I say, “Okay,” after my gynecologist asks how I am, and she frowns, stands up, wraps her arms around me.

“Just okay?” A minute later she says, from beneath my left breast, “Hello! Who’s this little dangly little friend?” It’s a skin tag. “Lose or keep?” she asks, then snips it off when I answer.

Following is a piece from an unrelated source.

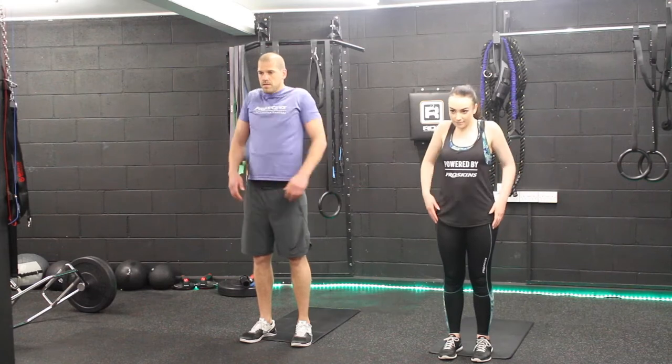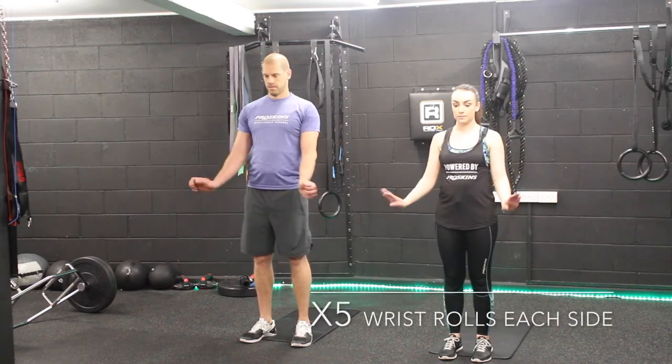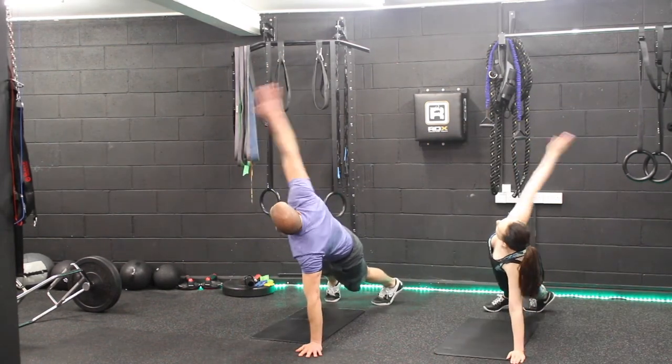Rolling the shoulders backwards and forwards helps warm up the scapula. T-Hermes will help warm up your chest and your back.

“I hadn’t realized this appointment was going to be the best part of my day,” I say truthfully.

•••

The kids explain to me what a Skittles party is: prescription pills mixed up in a bowl, and you dip in, swallow whatever. “We should have a homeopathic Skittles party!” Ben says. “Probiotics, fish oil, Rescue Remedy. Everyone can just placebo themselves into a frenzy.”

•••

“Pew!” we cry, then lean in to inhale more deeply when the cats yawn their stinking yawns.

•••

While I’m putting dinner on the table, my family offers an impromptu but detailed critique of the leftover noodle kugel I’m serving. They’re very cheerful and enthusiastic about it. Michael doesn’t like the cottage cheese! Birdy, much to her own surprise, turns out to dislike pineapple in this context, even though she usually loves it! Ben’s just not a real fan of the eggy texture! They wait politely for me to finish serving them before they eat. I am wearing an actual apron. “Bon appetit, motherfuckers,” I say, and they laugh, dig in.

•••

In my dream, my dead friend Ali is alive after all and calls me from hospice. “You haven’t visited me in ages!” she says, and I say, “Oh my god! I’m so sorry. I thought you were actually… uh. … not receiving visitors.” Her husband dreams that he’s sneaking a cigarette in the backyard and she is suddenly standing in the doorway. “Oh!” he says, hiding the cigarette behind his back. “I didn’t expect to see you!”

“Can we just dream that she’s alive and it’s good?” I ask him, and he says, “I don’t think so.”

•••

Ben, who shares my car, has put gas in the tank. It’s like a valentine. When I see the needle point to “full,” I burst into grateful tears. “You filled my tank!” I cry, when I see him, and he smiles and says simply, “I did.”

•••

CATHERINE NEWMAN  is the author of the recently published kids’ books One Mixed-Up Night (a middle-grade novel) and Stitch Camp (a teen craft book she co-wrote with her friend Nicole), as well as the memoirs Catastrophic Happiness and Waiting for Birdy. She lives in Amherst, Massachusetts, with her family.